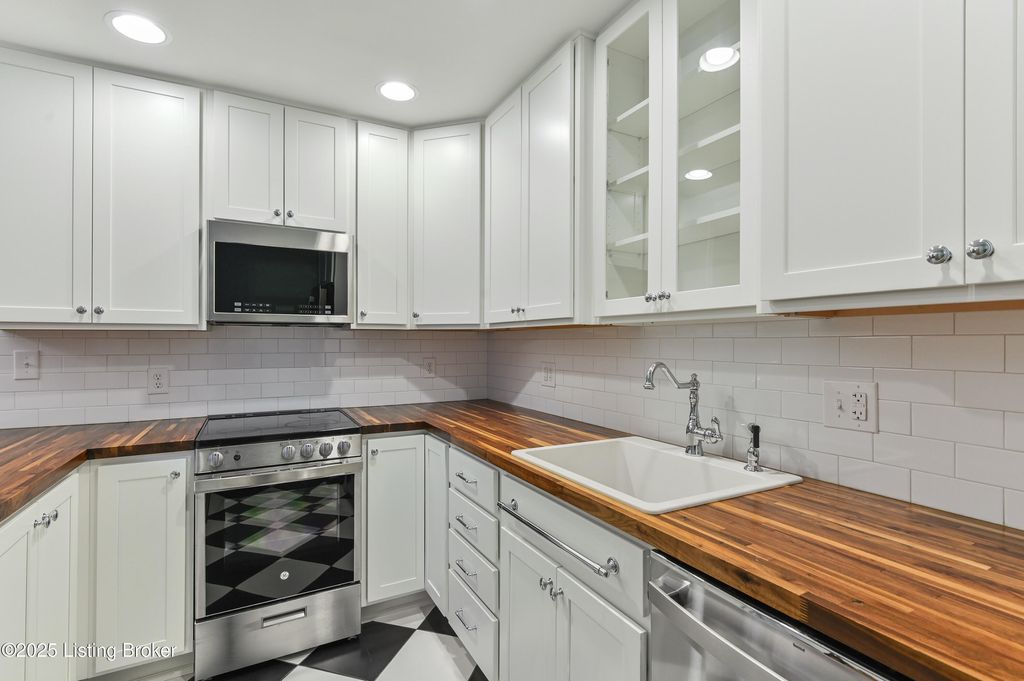 Photo of 2043 Douglass Blvd #8, Louisville, KY 40205 (MLS # 1704662)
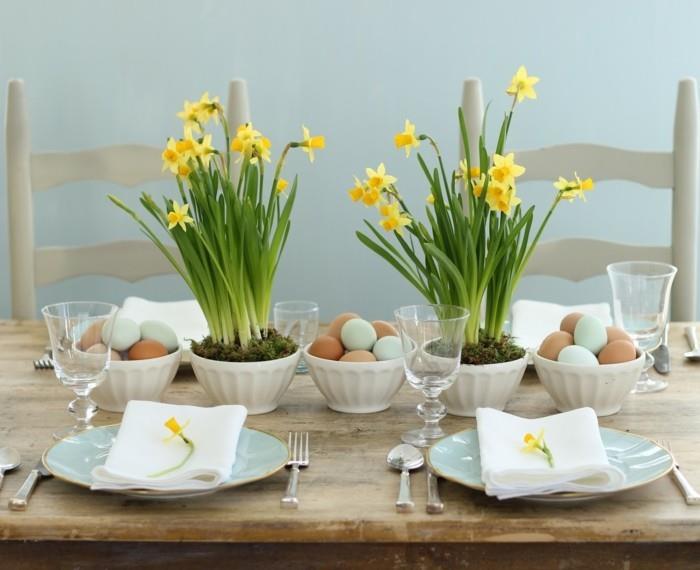 décoration de printemps avec des jonquilles et des œufs de pâques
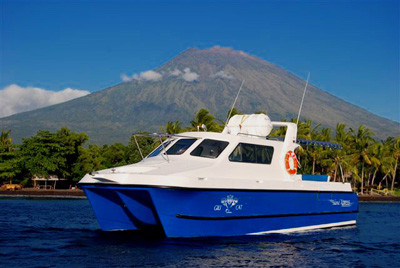Gili Trawangan on Fast Boat   Kapal Cepat Dari Bali Ke Lombok   Gili Trawangan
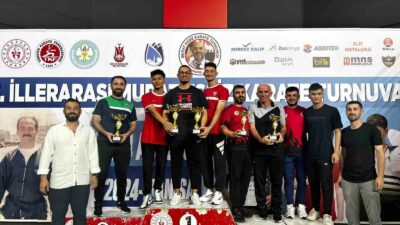 MANİSA'DA YAPILAN 3. MURAT EŞSİZ İLLER ARASI KARATE ŞAMPİYONASI'NDA BURSA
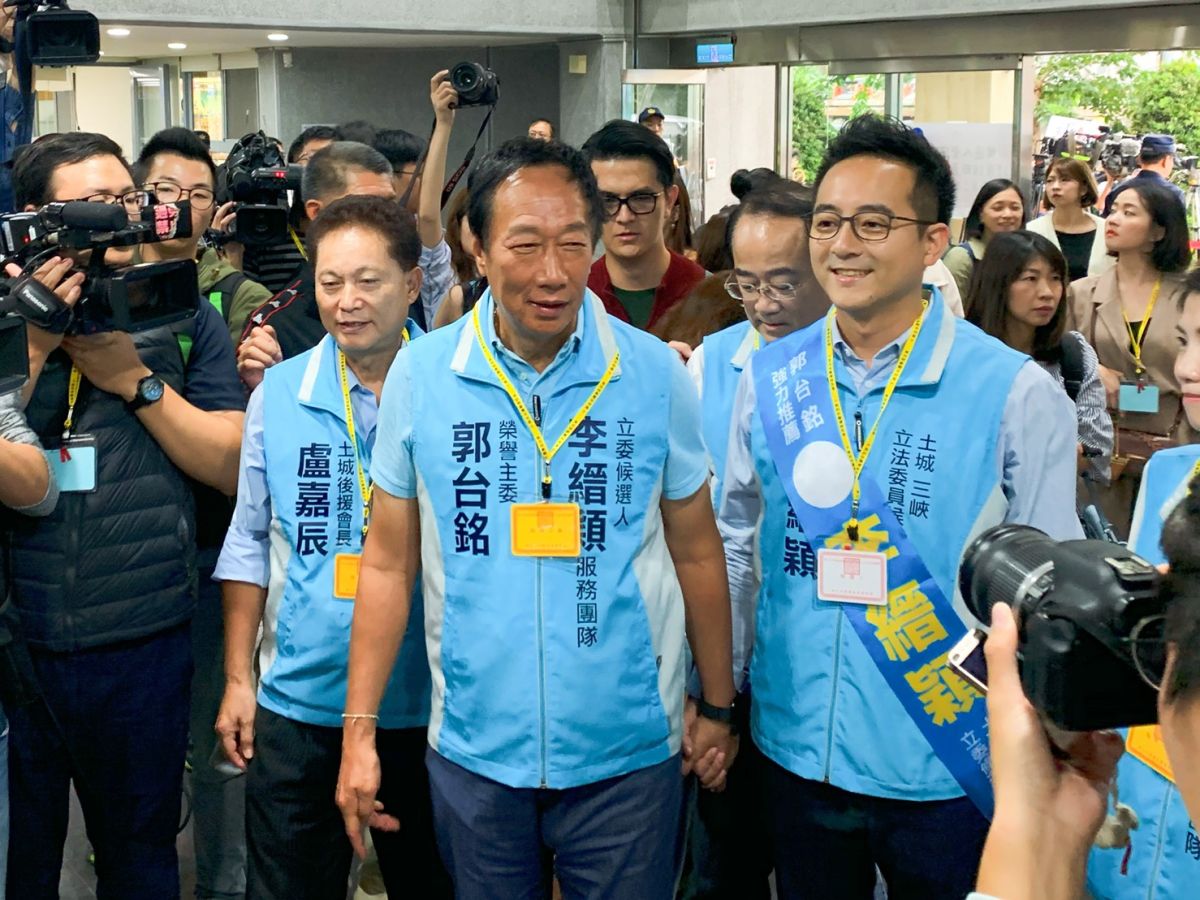 ▲鴻海集團創辦人郭台銘今（18）天陪同郭家軍立委參選人李縉穎，到新北選委會登記參選。（圖／記者宋原彰攝，2019.11.18）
━━━━
__Goal of the exercise__
Omit the pictures, and please restate word for word the lines running from the line with "Gili Trawangan on" to the end of the entries.

__Answer section__
Gili Trawangan on Fast Boat   Kapal Cepat Dari Bali Ke Lombok   Gili Trawangan
 MANİSA'DA YAPILAN 3. MURAT EŞSİZ İLLER ARASI KARATE ŞAMPİYONASI'NDA BURSA
 ▲鴻海集團創辦人郭台銘今（18）天陪同郭家軍立委參選人李縉穎，到新北選委會登記參選。（圖／記者宋原彰攝，2019.11.18）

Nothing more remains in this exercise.